Hers was one of the 16 cases in which the CBI filed a chargesheet as part of its probe into the Nithari killings, naming Surinder Koli — the domestic help of Moninder Pandher, the owner of house number ‘D-5’ — as the accused. 

On Monday, the Allahabad High Court acquitted Koli in 12 cases and Pandher in two. While this means that Pandher will now walk free since he has been acquitted in all of the six cases lodged against him, Koli will remain behind bars owing to a Supreme Court judgment upholding his conviction in the rape and murder case of the 14-year-old girl.

A special CBI court had in 2009 sentenced both Koli and Pandher to death in this case. The Allahabad High Court later acquitted Pandher, while upholding Koli’s sentence. Koli then challenged the verdict in the Supreme Court, which upheld the verdict of the high court.


Also Read: ‘Call girls, old recordings’: How ‘jilted’ Delhi Police constable hid sub-inspector’s murder for 2 yrs


14-year-old girl’s rape-murder

Nearly five months after their daughter went missing from Noida, parents of the 14-year-old girl filed a missing persons report on 20 July, 2005.

In December 2006, her mother — upon hearing that skeletal remains had been found behind a house in Nithari village — rushed to the spot and identified her personal effects.
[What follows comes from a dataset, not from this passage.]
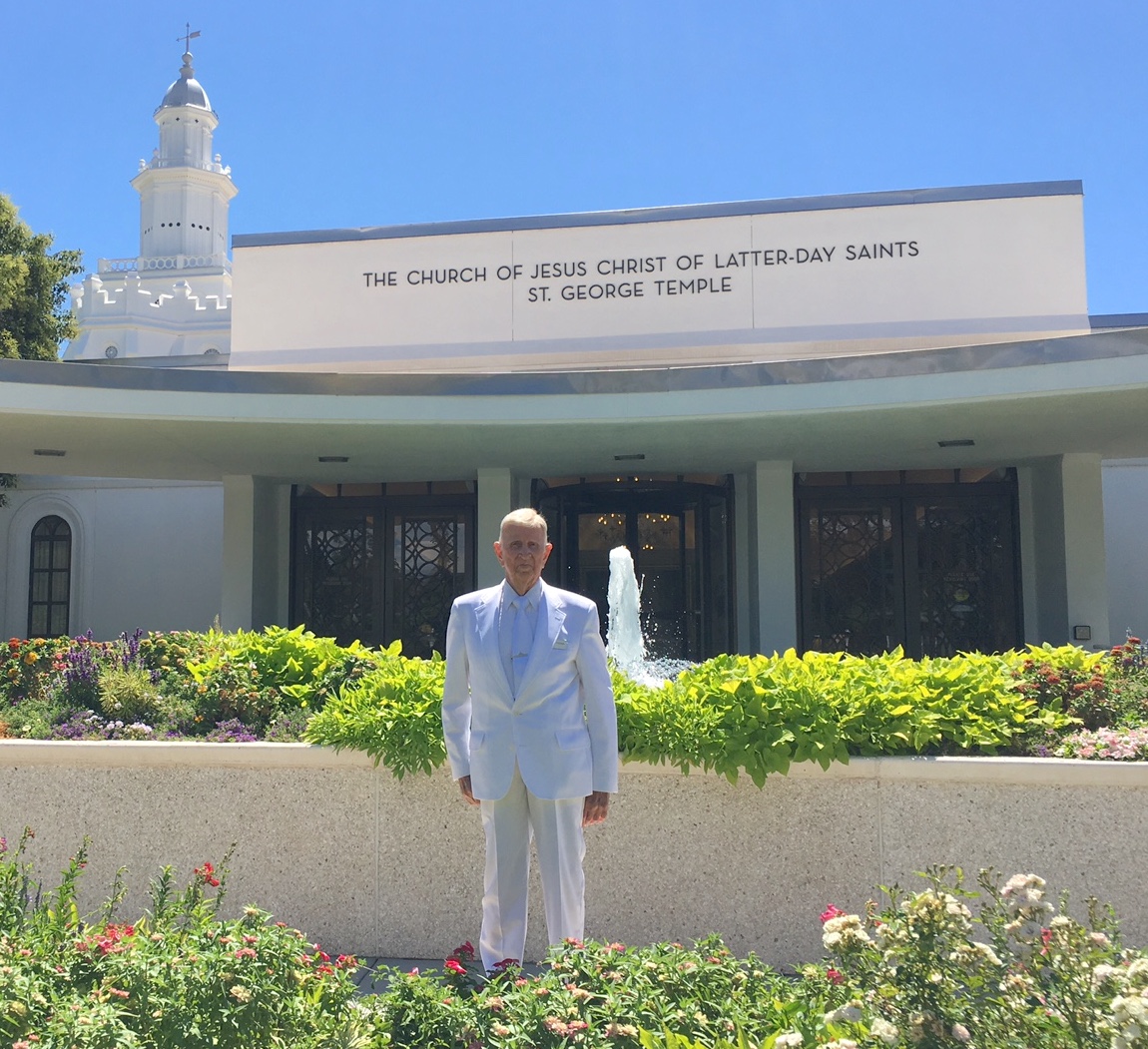Carl Freeman, 104, stands outside the St. George Utah Temple where he work in the baptistry and at the recommend desk.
A DNA test confirmed that among the remains recovered were those of the 14-year-old girl.

Both Koli and Pandher were arrested by the Noida police on 29 December. Not long after that, the case was transferred to the CBI in January 2007. The CBI registered an FIR in the case involving the minor girl on 11 January, 2007. It later chargesheeted Koli under sections of the Indian Penal Code (IPC) pertaining to kidnapping, rape and murder.
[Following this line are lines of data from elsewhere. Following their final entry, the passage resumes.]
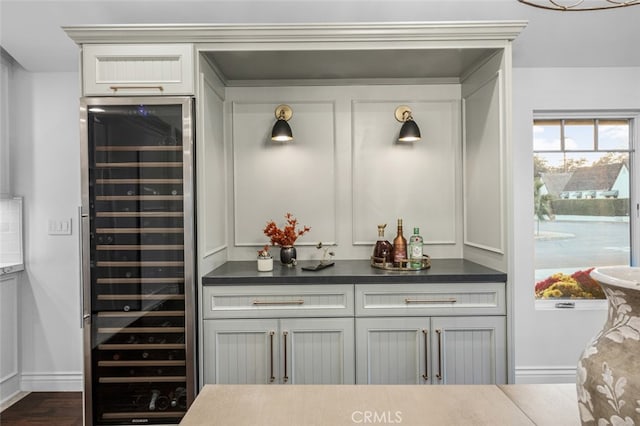 bar featuring wine cooler, dark wood-style flooring, a dry bar, and baseboards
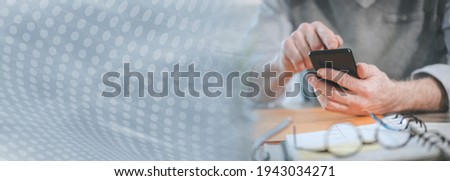 Male hands using mobile phone; panoramic banner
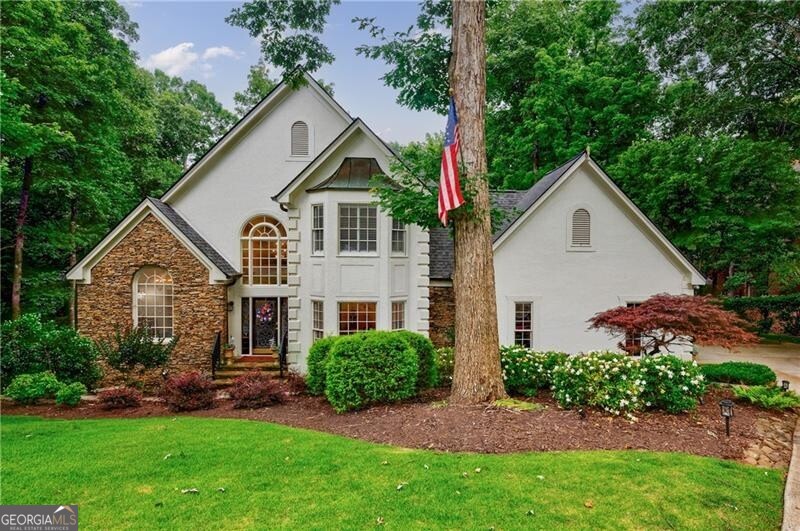 Welcome to this elegant hard-coat stucco Estate home, ideally situated on a serene and quiet cul-de-sac in the prestigious COUNTRY CLUB OF THE SOUTH. A charming exterior with stone accents and a classic beveled glass front door set the tone for the warmth and sophistication that awaits inside. Step into the grand two-story foyer, where natural light and timeless elegance greet you. The formal dining room, adorned with a bay window, provides the perfect setting for both intimate dinners and large-scale entertaining. The spacious Great Room is the heart of the home, featuring vaulted ceilings, a wall of windows, a fireplace with floor to ceiling stack stone, and French doors leading to the main-level porch. Designed for everyday living and seamless entertaining, the open-concept kitchen flows into the breakfast area and Great Room, with easy access to the screened porch-an ideal retreat for morning coffee or evening relaxation. The main-level primary suite is a true sanctuary, complete with a cozy sitting area, two-sided fireplace, and private access to the porch. Upstairs, you'll find three generously sized bedrooms: one with an en-suite bath and two sharing a well-appointed adjoining bath, all with abundant closet space. The fully finished terrace level is an entertainer's dream, offering a second kitchen, large family room, office, yoga/exercise room, guest bedroom, and full bath. Step outside to the covered terrace-level porch, featuring a custom stay-dry gutter system-perfect for enjoying the outdoors in any weather. This move-in ready home offers luxury, comfort, and lifestyle-all within one of Atlanta's most sought-after gated communities. Residents enjoy resort-style living with 24/7 manned security, a Jack Nicklaus-designed golf course, clubhouse, swim and tennis facilities, and a welcoming neighborhood atmosphere.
While Pandher was not named in the CBI chargesheet in this case, he was summoned by the court under section 319 of the CrPC (when in court of inquiry or trial, it appears from evidence that a person not accused has committed any offence for which he or she should be tried together with the accused) and was charged under the same IPC sections as Koli. Pandher was also charged with criminal conspiracy by the central agency.
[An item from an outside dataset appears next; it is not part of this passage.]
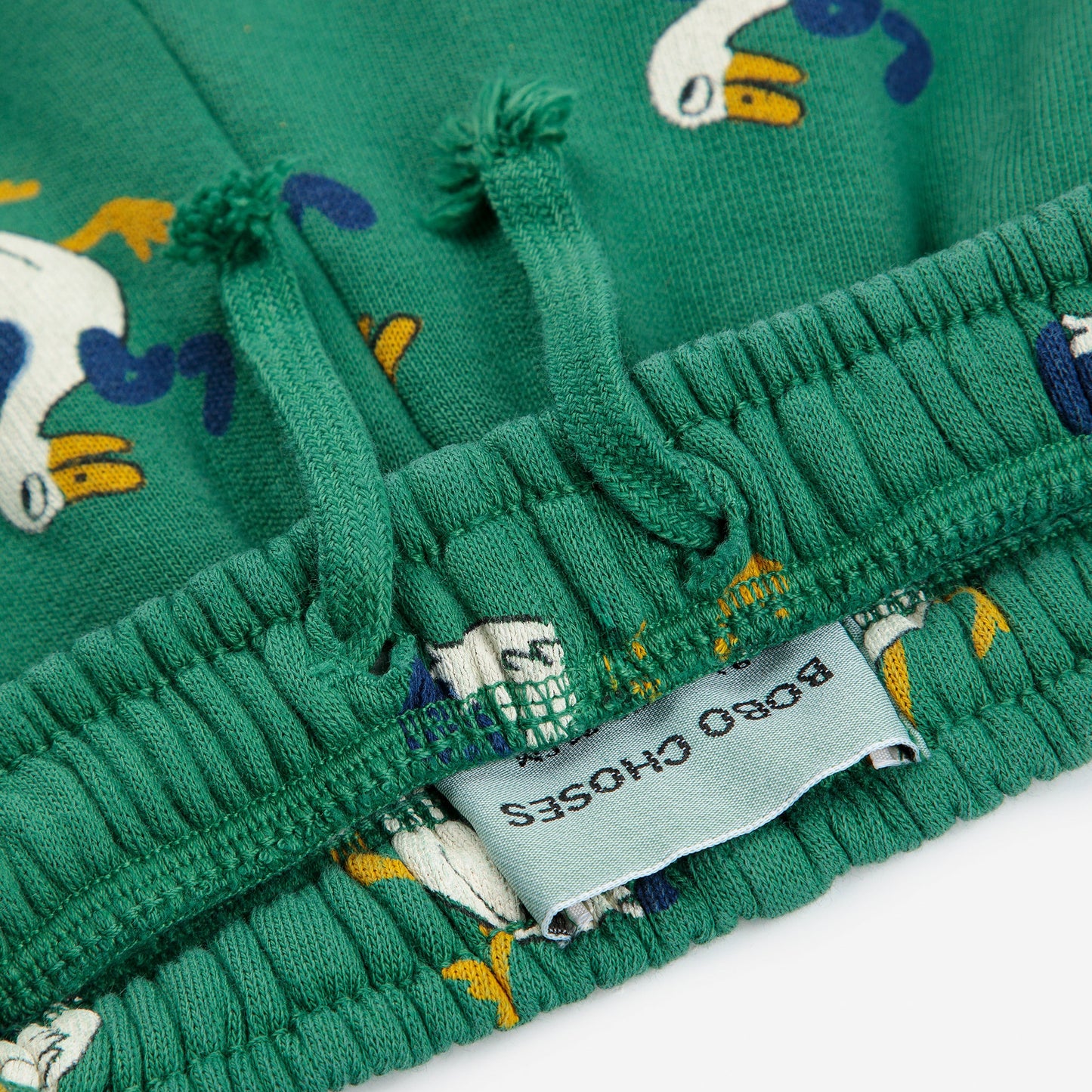Green fabric with cartoon duck pattern and a visible label on a white background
The confession Koli made in the presence of a magistrate, along with the skeletal remains recovered by investigators, formed the crux of the evidence on the basis of which a special CBI court sentenced him to death for the rape and murder of the minor — a sentence that was upheld by both the Allahabad High Court and later the Supreme Court of India.

The apex court, when it upheld Koli’s death sentence in 2011, noted that his was a “rarest of the rare” case, and that he should be shown “no mercy”. It also noted that house number ‘D-5’ in Nithari village, Noida, had become a “virtual slaughter house”.

“Doctors at AIIMS have put the parts of the deceased girls which have been recovered by doctors of AIIMS together. These bodies have been recovered in the presence of the doctors of AIIMS as pointed out by the accused Surendra Koli. Thus, recovery is admissible under Section 27 of the Evidence Act,” the two-judge bench of the Supreme Court comprising Justices Markandey Katju and Gyan Sudha Misra noted at the time.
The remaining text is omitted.